31 Jan, 2022

Written by Sarah
You have all the great ideas, now it’s time to brief

Briefs are the bridge between a business problem and an effective creative solution. But a third of budgets are currently wasted on poor briefs. Here’s how to get them right.

If there’s one thing I love to see in my emails, it’s a good juicy brief. For a writer, a great brief is as essential as a sharp knife to a chef. It produces a better quality of work, in the optimum amount of time. I’m not here to slice and dice you a fine meal but I am here to bring you the best writing possible. 

Good brief writing is an essential skill for partnerships between marketers and their creatives. It’s about taking your fabulous ideas and synthesising them into a simple, yet informative document. 

Why briefing matters

The majority (90%) of marketers and agencies agree that it’s difficult to create good creative work without a good brief, a recent report has found. Despite this, the briefing process isn’t getting the attention it deserves: 

  • 6 out of 10 marketers admitted that they are using the creative process of the brief to clarify the strategy.
  • 9 out of 10 marketers admit that their briefs change once an agency is already briefed in. 
  • 83% of agencies said that briefs are unfocused 

And unclear or incomplete briefs are costing marketers. Currently, an estimated 33% of the average marketing budget being wasted on poor briefing and misdirected work. 

Ultimately, bad briefing results in frustration for marketing teams and creatives alike. 

The secret sauce 

Briefing is an invaluable skill, but it takes practice. Some of the most seasoned marketers still shudder at the thought of the idea. Knowing how to arm your creative team with what they need can be tricky.  

To get the best out of your creative partner, start with getting these three core areas right. 

  • Identify your goals 

Every campaign and piece of marketing material has an end goal. Think about what you want to accomplish with the material you are briefing in. What overarching business objectives does it support? How does it fit into your marketing strategy? 

Do you want to attract your audience to a new product? Bring more traffic to the website? If you have mapped out any KPIs that measure the success of the project, include them in your brief. 

  • Name your audience 

Have you ever noticed how your tone changes when you talk to different people? Like when you’re comparing Spotify playlists with your teenage niece to when you’re discussing your three-year marketing strategy with the CEO. 
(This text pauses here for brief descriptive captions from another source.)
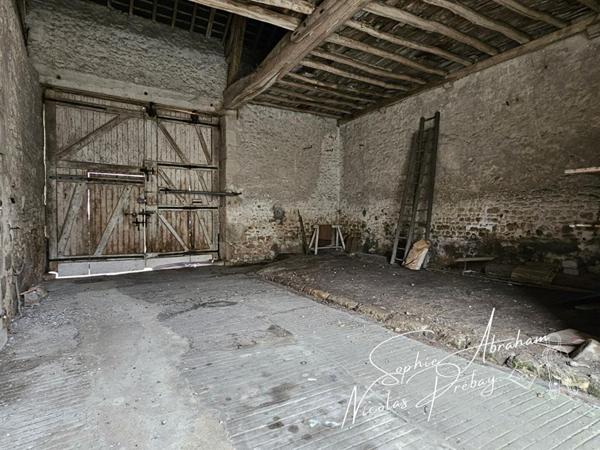 Maison de ville avec dépendances et fort potentiel en centre-ville de Toury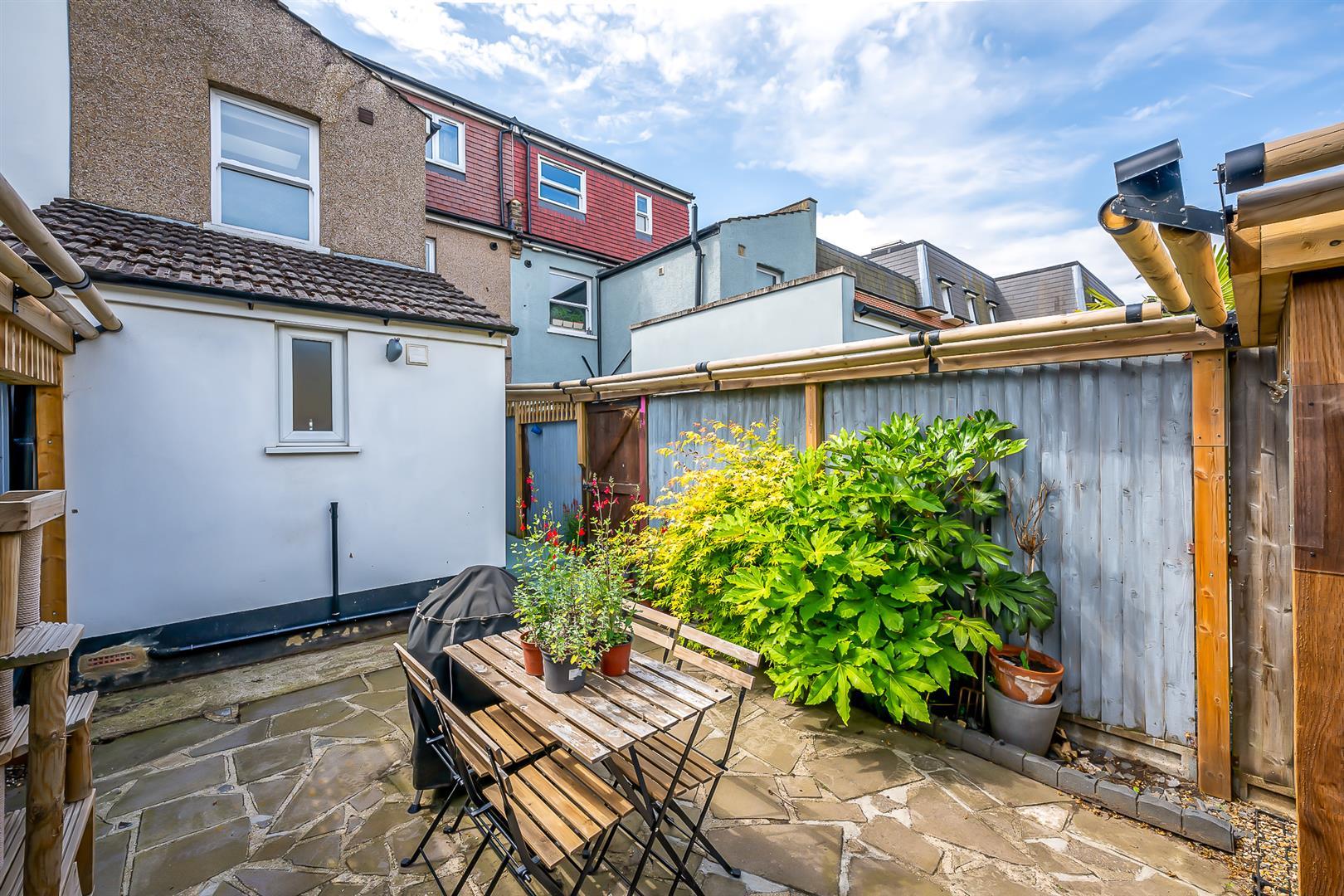 Property Image 328165e4-301d-46d4-8fd1-a170de0a3209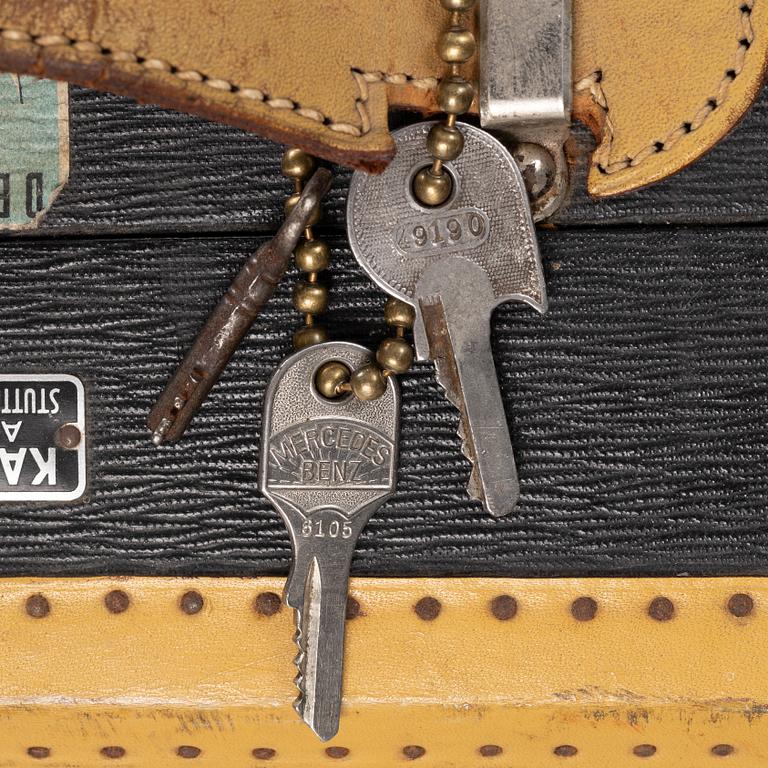 A set of four suitcases, Karl Baisch Autokofferfabrik Stuttgart, Germany, 1930's/1940's.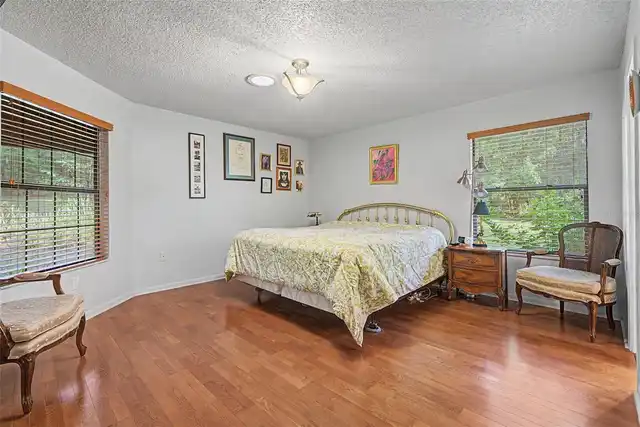 Listing Photo 25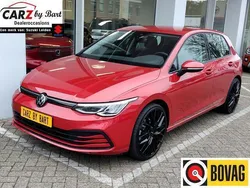 Rood Gebruikt 2024 VW Golf VIII Sportline Hatchback | € 26.445 (Goede deal)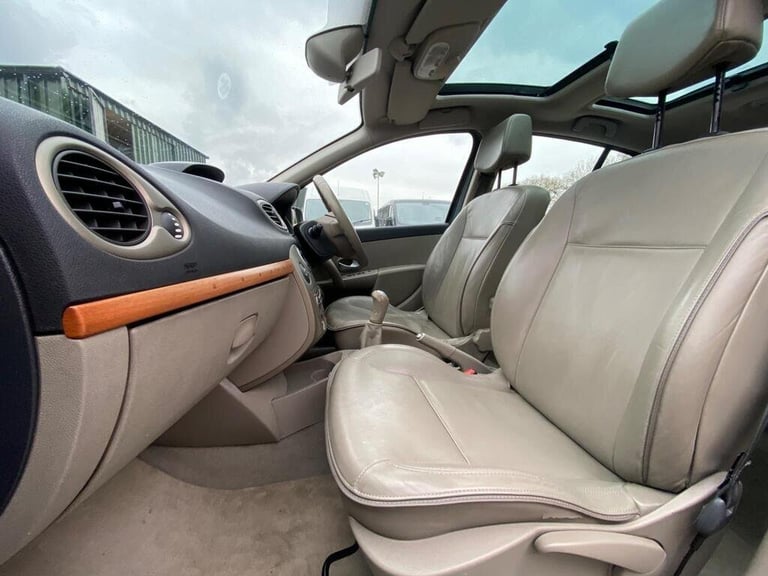 2007 Renault Clio 1.6 VVT Initiale 5dr HATCHBACK PETROL Manual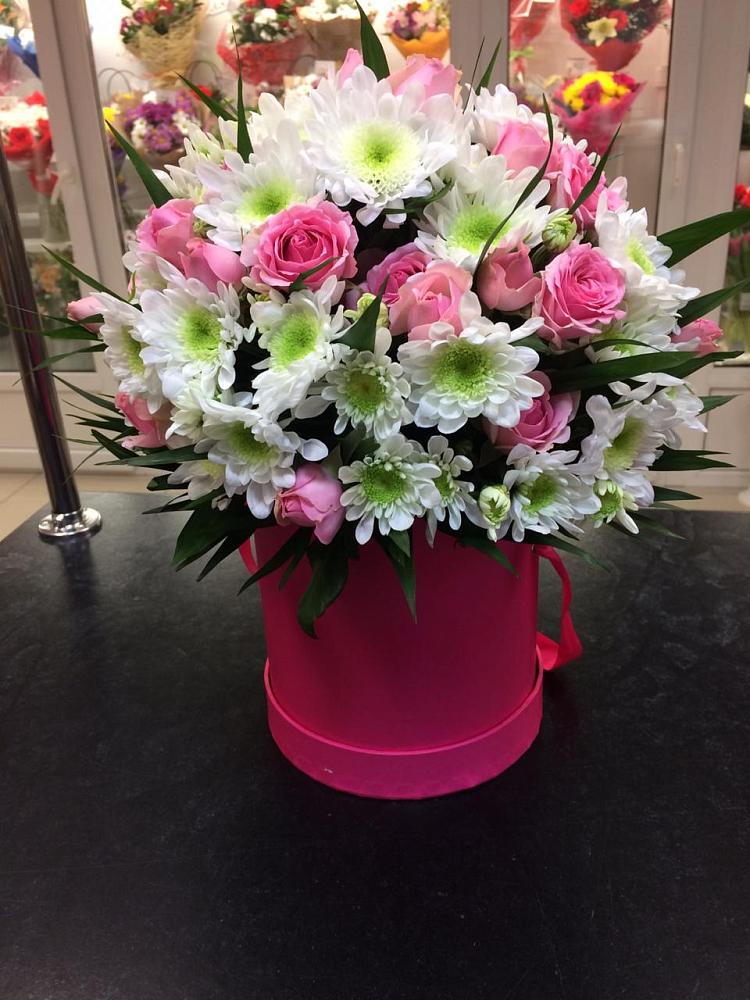 Цветочная композиция из Розы и Хризантемы в шляпной коробке в Кырене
Knowing your audience is critical to creating content that connects with customers. The more information you can include about them the better. Some things to consider include:

  • Age
  • Gender
  • Background
  • Needs and problems (and how your business solves these) – this the most important
  • Causes and interests

If you have defined personas, make sure to include these in your brief. 

When providing information about the audience, remember we want to get to know them as well as you do. 

  • Scope it out

Scope creep. You can hear the collective grunt of marketers and creatives everywhere, each time those two pesky words are uttered. 

But there’s a relatively simple, albeit time-consuming way to avoid your project blowing out. 

Map. It. Out. 

Think about:

  • Every element / content piece you need to make sure you’ve covered everything – will you need an eDM to promote that article? What about a social media post to push that new promo video?
  • The resources needed to create these elements – will your creatives need to interview subject matter experts? Will you need to provide research and insights?
  • The key messages you need to get across
  • The stakeholders involved
  • Timings
  • Your budget

Once you’ve considered the above, put it all in the brief.

We know that the time it takes to write a good brief is time away from the nine other things you need to do today. Talk to your creative team about getting a reverse brief. Usually they’ll be happy to get the most important details from you over a Zoom or phone call, and develop a reverse brief from that discussion. But do expect to be charged for their time – after all, getting a brief right is challenging work.